He is not tense, nor does he slouch. His head is held high, his neck firm, the black tricorne , fitting snugly on his head, shuts out whatever is above him. His large eyes, rather hooded, look down on the precarious structure before him.
Everything is still. The small drawer of the table is slightly open, jutting out towards us, but the boy is as unaware of this as he is of everything except his immediate task. Soon he will have placed the card he is holding on the fragile construction before him, and then either the whole edifice will collapse and he will have to start again from scratch, or, this step achieved, he will be ready to take up another card from the small pile in front of him and see what he can do with that.
At the moment, though, he has no thought for what is to come, his entire being is concentrated on the card he holds so lightly.
Four paintings by Jean-Baptiste Chardin.
8. ( right ) The Young Draughtsman , 1737. (Musée de Louvre. Photo © RMN)
9. ( below ) Child with Spinning Top , 1738. (Musée de Louvre. Photo © RMN)
10. ( facing page, top ) Soap Bubbles , 1738? (Metropolitan Museum of Art, New York; Wentworth Fund, 1949)
11. ( facing page, below ) The House of Cards , 1736–7. (National Gallery, London)

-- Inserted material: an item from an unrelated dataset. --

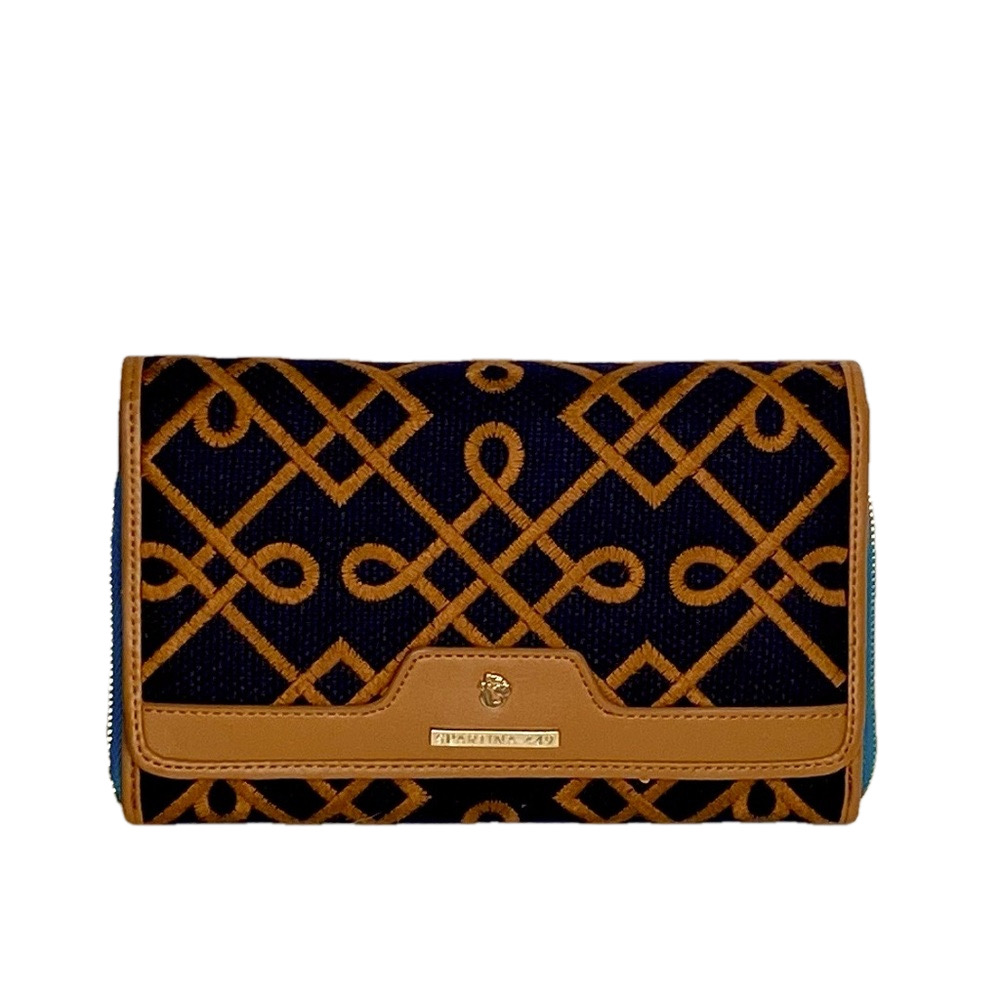Spartina 449 Mareena Fold over Zip‎ Around Clutch Wallet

Now we are in another room. This time the boy has no hat but a fine wig fastened at the back with an elegant black ribbon. (Or perhaps it is another boy, slightly younger, perkier?) Instead of leaning on the table from the left and presenting us his right profile, he stands to the right of the table and we see him in three-quarters profile. The table too is smaller, and rather more crowded, with an inkwell in which rests a splendid feather quill, two books, a rolled-up parchment. These have been pushed to one side to make way for the top which the boy has clearly only just spun, though his hands now rest demurely on the table and his eyes watch the little top as though it had nothing to do with him. Empowered by the spin, the top has come quite close to the edge of the table and now hovers over another open drawer, though this one seems rather full. Striped red and green wallpaper at the back reinforces the sense of verticality imparted to the scene by the boy's upright stance and the fine quill, the dark inkstand and the top, which at present is just a little off the vertical.

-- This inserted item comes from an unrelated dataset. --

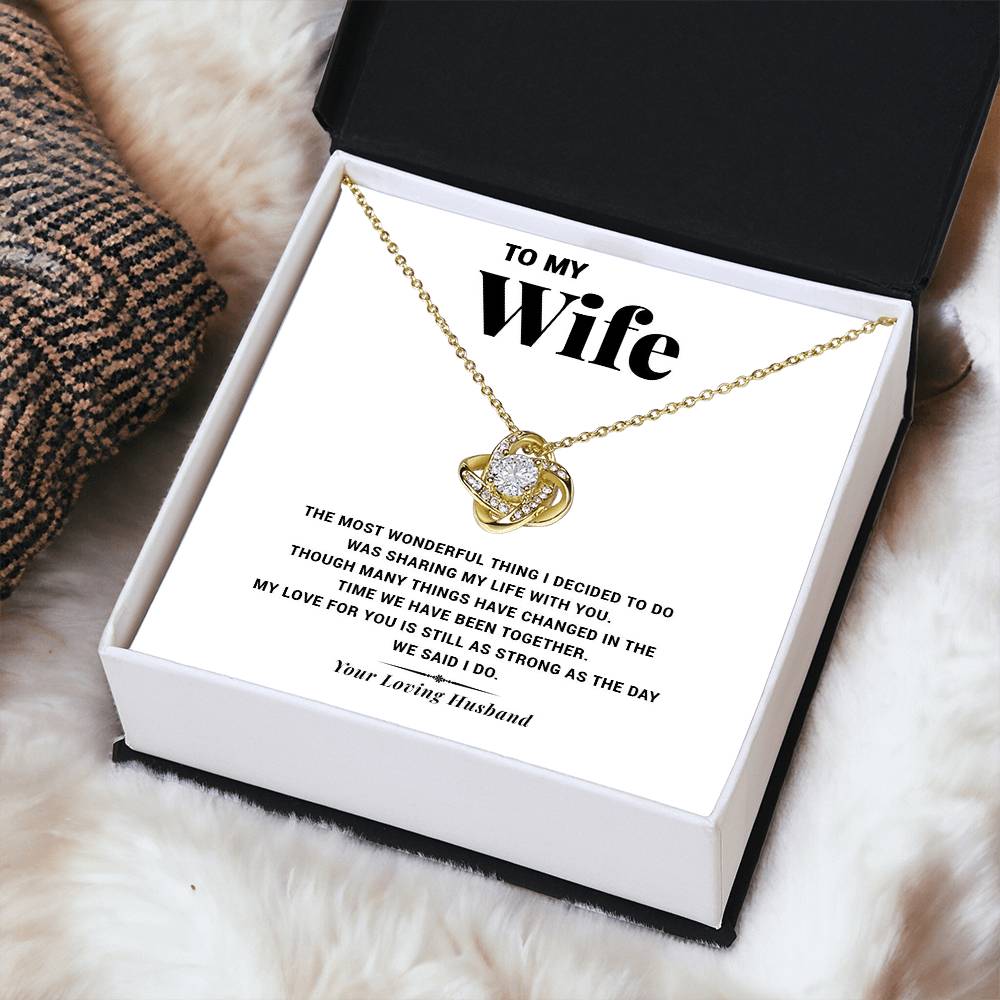 My Life Wi Love Knot Necklace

In a moment it will fall over onto its side and come to a convulsive stop. But just now it is still spinning, almost still in its centripetal movement. No wonder the boy is gazing at it with such delight, a half-smile on his childish lips imparting to his face a freshness and naturalness quite at odds with the formal, elegant coat and shirt, the fine waistcoat with its prominent buttons, the powdered wig. But the hands tell us that this is a deft and agile child, not an overdressed mother's boy.
Now we are in a third room. Another boy, slightly older than the other two, equally elegantly dressed, the black tricorne on his head, but a long tress of hair hanging down his back this time, tied at the neck with a fine bow, leans on a simple table from left to right. His left elbow takes his weight and in his left hand he holds a pencil which he is sharpening with the knife held in his barely visible right hand. Covering most of the table is a large portfolio, tied by a ribbon, the ends of which hang over the edge of the table. He too is engaged on a task which, though requiring concentration, is mechanical enough to allow him to dream as he performs it, and his hooded eyes look down at his hands as though at a mystery at which he is content simply to be present.